As a native of Ireland, Annapolis delegation member and AAACCVB Chairman of the Board Anthony Clarke knows well the icon status Barry holds with the Irish. “Their strong love for Barry may well prompt them to join Wexford Mayor Jim Allen in Annapolis for the dedication. The ceremony could further boost Irish pride as they see how grateful the United States is for Barry’s valiant efforts during the Revolutionary War.”
AAACCVB President and CEO Connie Del Signore, who accompanied Cohen and Clarke on the trade mission, says her organization isn’t waiting until May to explore additional cultural, arts, tourism, and heritage exchanges with Ireland. During their June 19-24 visit to the Emerald Isle, Clarke, Del Signore, and Cohen discussed the possibility of using Saint Patrick’s Day as the anchor for an annual month-long Irish Heritage Month in Annapolis. Mayor Allen plans to continue these discussions in person when he returns to Annapolis to celebrate St. Patrick’s Day in 2014.

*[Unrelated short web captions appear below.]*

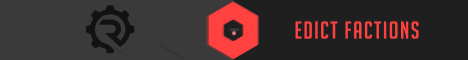Edict Factions Custom Enchantments 24/7 Active Staff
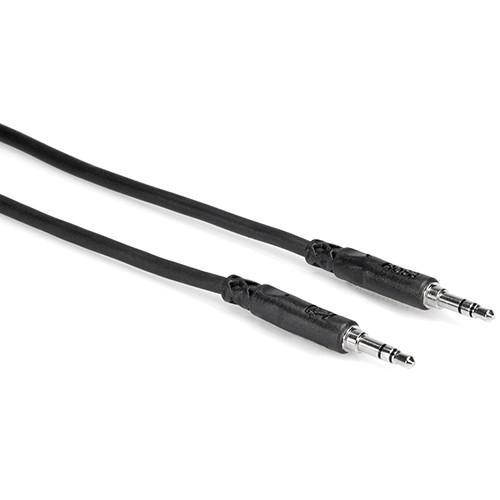 Hosa 3.5mm Male to 3.5mm Male Cable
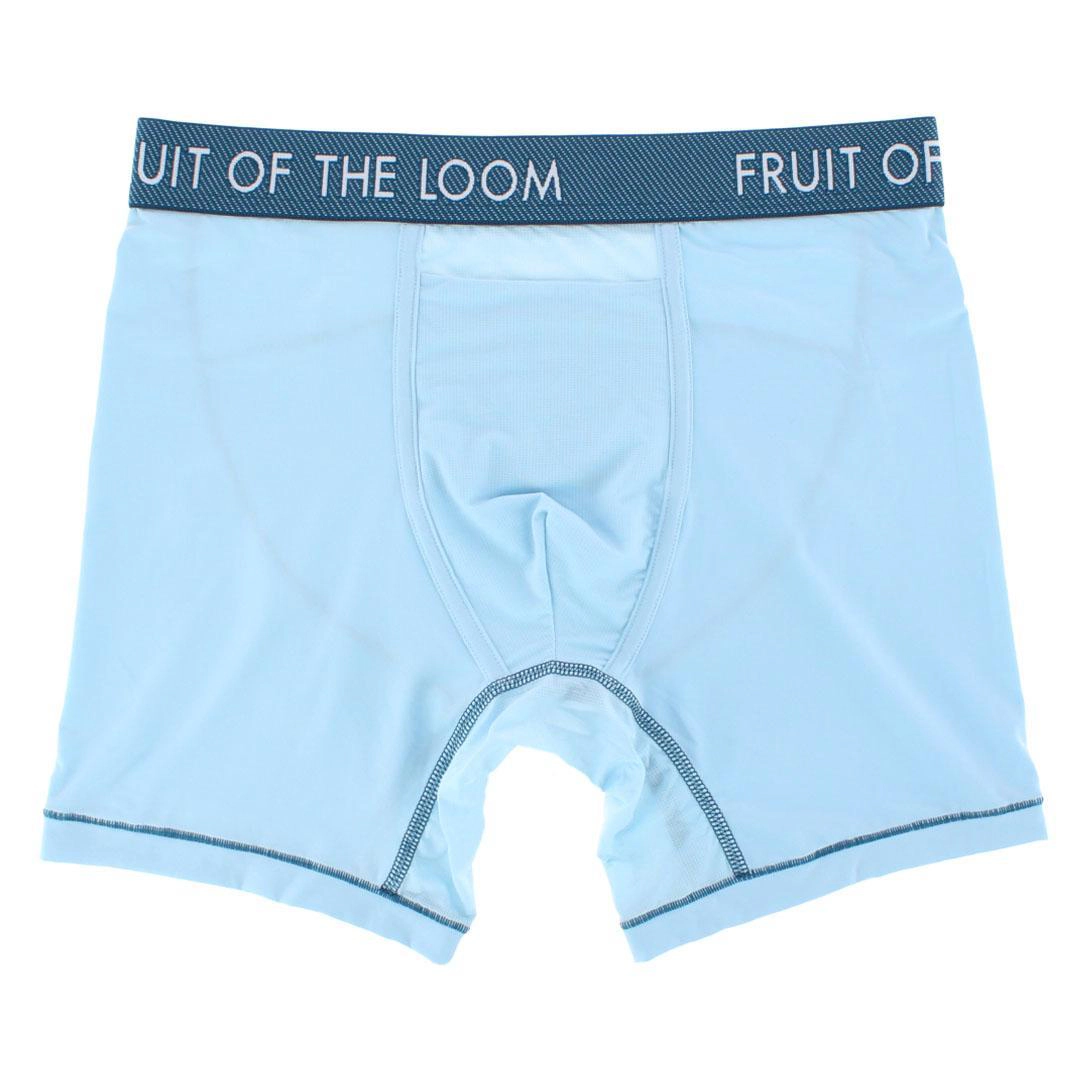 Fruit of the Loom Men's Getaway Boxer Brief (3 Pack)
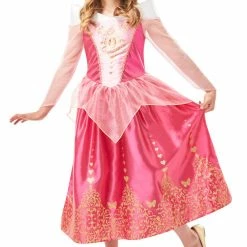 Rubies Fairytale Costumes Gem Princess Sleeping Beauty Aurora Costume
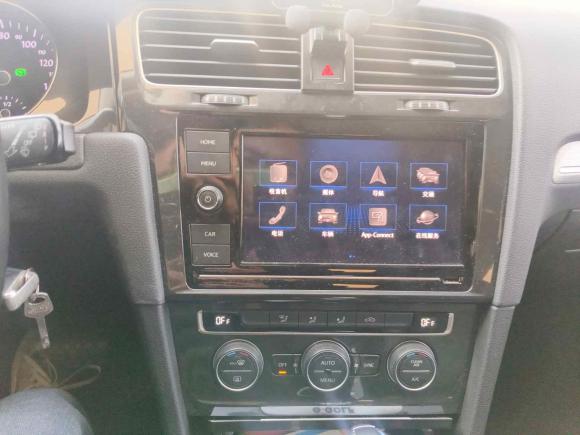 [嘉兴·浙A] 二手大众高尔夫·纯电2020款 驰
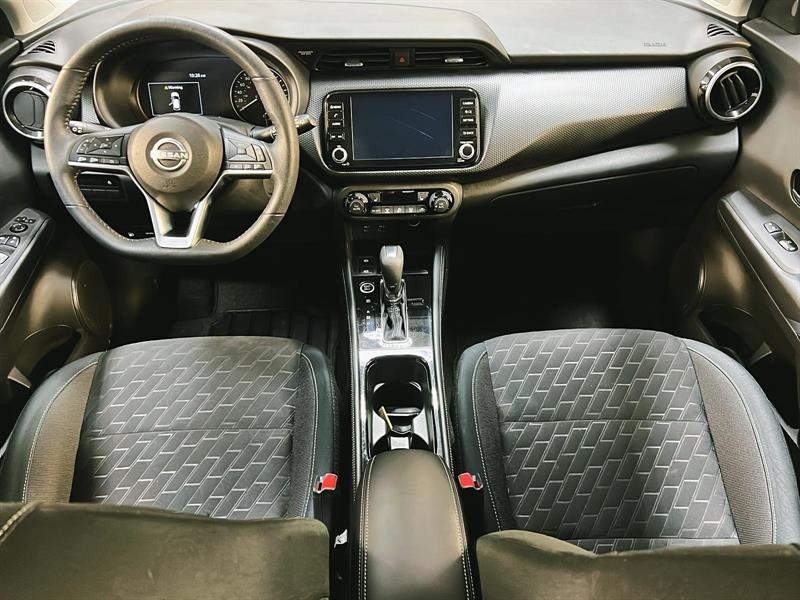 nissan Kicks 2024 - 10
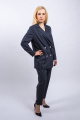 Женский костюм Пинск-Стиль 3967 т.синий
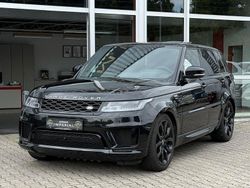 Schwarz Gebraucht 2019 Land Rover Range Rover Sport HSE Dynamic SUV | 44.700 € (Guter Preis)
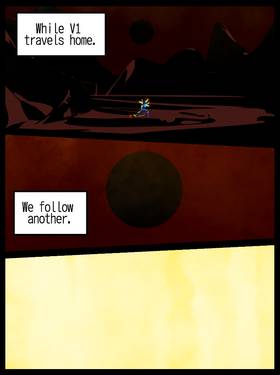 Read HYPERDEATH  3 Page 3 in English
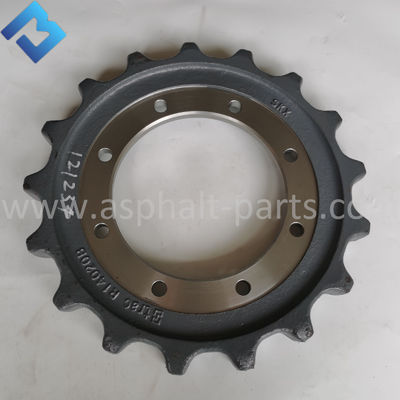 Zerteilt Fräsmaschine 121234 W2000 Primärantrieb-Antriebskettenräder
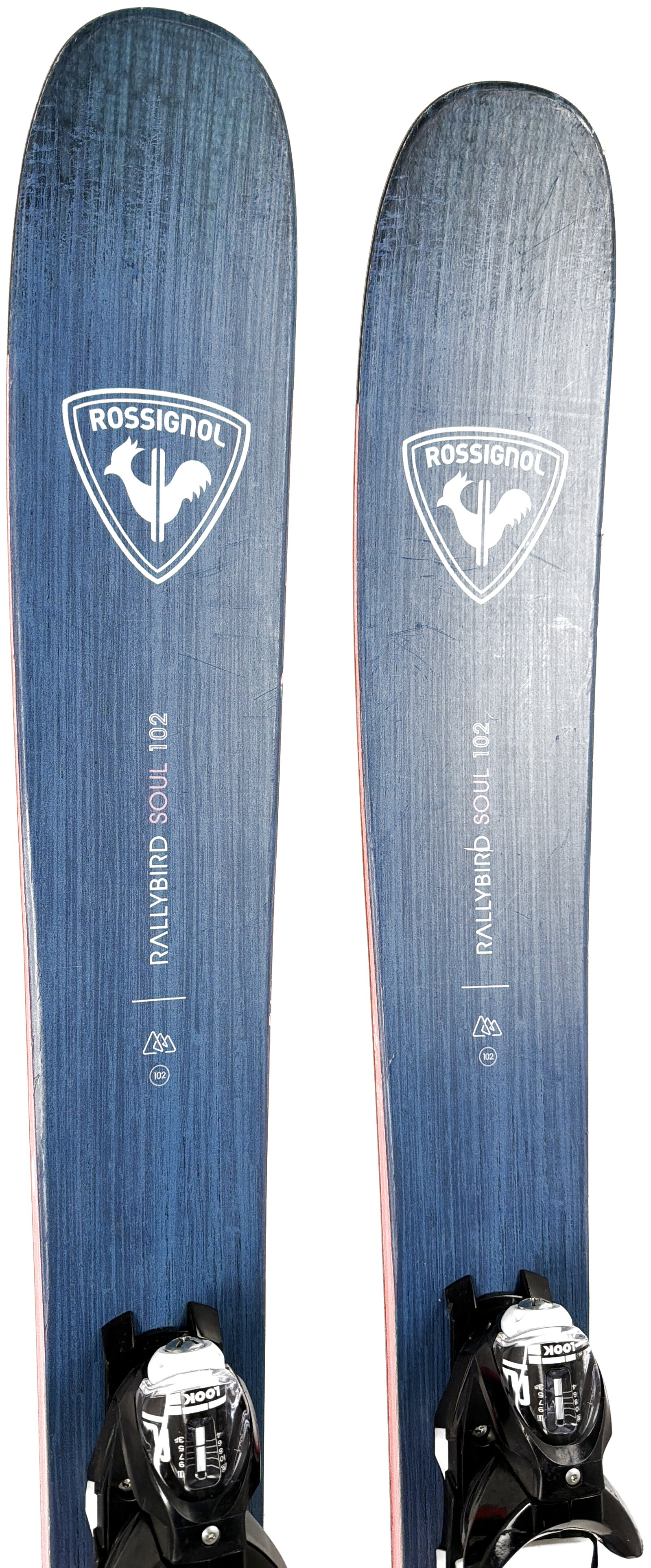 2026 Rossignol Rallybird Soul 102 Skis Tip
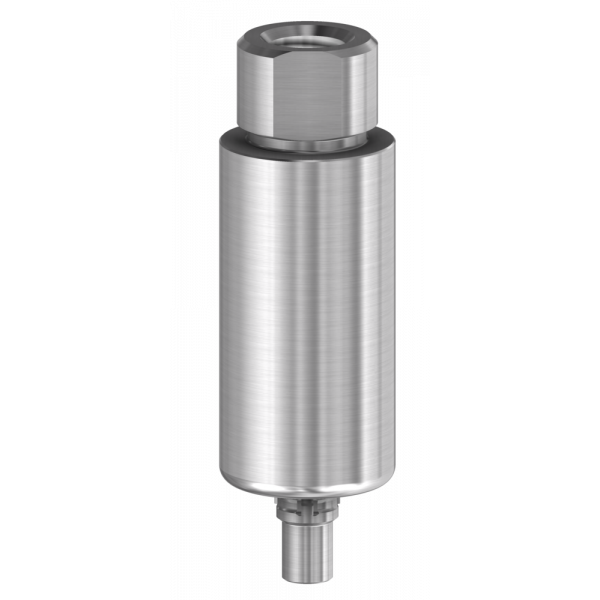 Pre-milled blank compatible with Camlog®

The Ancient Order of Hibernians feels so strongly about the need to appropriately honor the Irish Catholic Barry that it spearheaded fundraising efforts with Irish groups across the county to raise monies for construction of the eight-foot-tall granite and bronze memorial that will stand just inside the U.S. Naval Academy’s Barry Gate. Hibernian officials presented a check to the U.S. Naval Academy Alumni Foundation covering the final cost of the piece in January 2013. Plans are to erect the memorial this coming fall. The first phase of the John Barry Memorial Project, construction of the Barry Gate, was completed in January 2012.
The AAACCVB is a nonprofit, membership-based, destination marketing organization that generates revenues for the local economy by promoting Annapolis and the Chesapeake Bay to leisure and business travelers across the country and around the world.